Collaboration with OPKO Health, Inc. (OPKO)
On December 13, 2014, we entered into a collaborative agreement with OPKO to develop and commercialize OPKO’s long-acting human growth hormone (hGH-CTP) for the treatment of growth hormone deficiency (GHD) in adults and children, as well as for the treatment of growth failure in children born small for gestational age (SGA) who fail to show catch-up growth by two years of age. hGH-CTP has the potential to reduce the required dosing frequency of human growth hormone to a single weekly injection from the current standard of one injection per day. The transaction closed on January 28, 2015, upon termination of the waiting period under the Hart-Scott Rodino Act. In February 2015, we made an upfront payment of $295 million to OPKO, which was recorded in Research and development expenses, and OPKO is eligible to receive up to an additional $275 million upon the achievement of certain regulatory milestones. We have received the exclusive license to commercialize hGH-CTP worldwide. Subject to regulatory approval, OPKO is eligible to receive royalty payments associated with the commercialization of hGH-CTP for Adult GHD. Upon the launch of hGH-CTP for Pediatric GHD, the royalties will transition to tiered gross profit sharing for both hGH-CTP and our product, Genotropin.
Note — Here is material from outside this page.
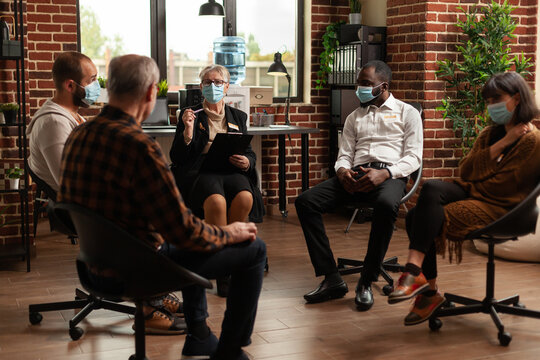 Specialist Giving Counseling To People At Aa Meeting During Pandemic. Woman Therapist Talking To Patients With Anger Problems And Addiction, Having Face Masks At Group Therapy Session.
OPKO will lead the clinical activities and will be responsible for funding the development programs for the key indications, which includes Adult and Pediatric GHD and Pediatric SGA. We will be responsible for all development costs for additional indications, as well as all postmarketing studies and the commercialization activities for all indications, and lead the manufacturing activities covered by the global development plan.

C. Equity-Method Investment

Investment in ViiV Healthcare Limited (ViiV)
Our minority ownership interest in ViiV, a company formed in 2009 by Pfizer and GlaxoSmithKline plc (GSK) to focus solely on research, development and commercialization of human immunodeficiency virus (HIV) medicines, was impacted by the January 21, 2014 European Commission approval of Tivicay (dolutegravir), a product for the treatment of HIV-1 infection, developed by ViiV. This approval triggered a reduction in our equity interest in ViiV from 12.6% to 11.7%, effective April 1, 2014. As a result, in the first quarter of 2014, we recognized a loss of approximately $36 million in Other (income)/deductions––net.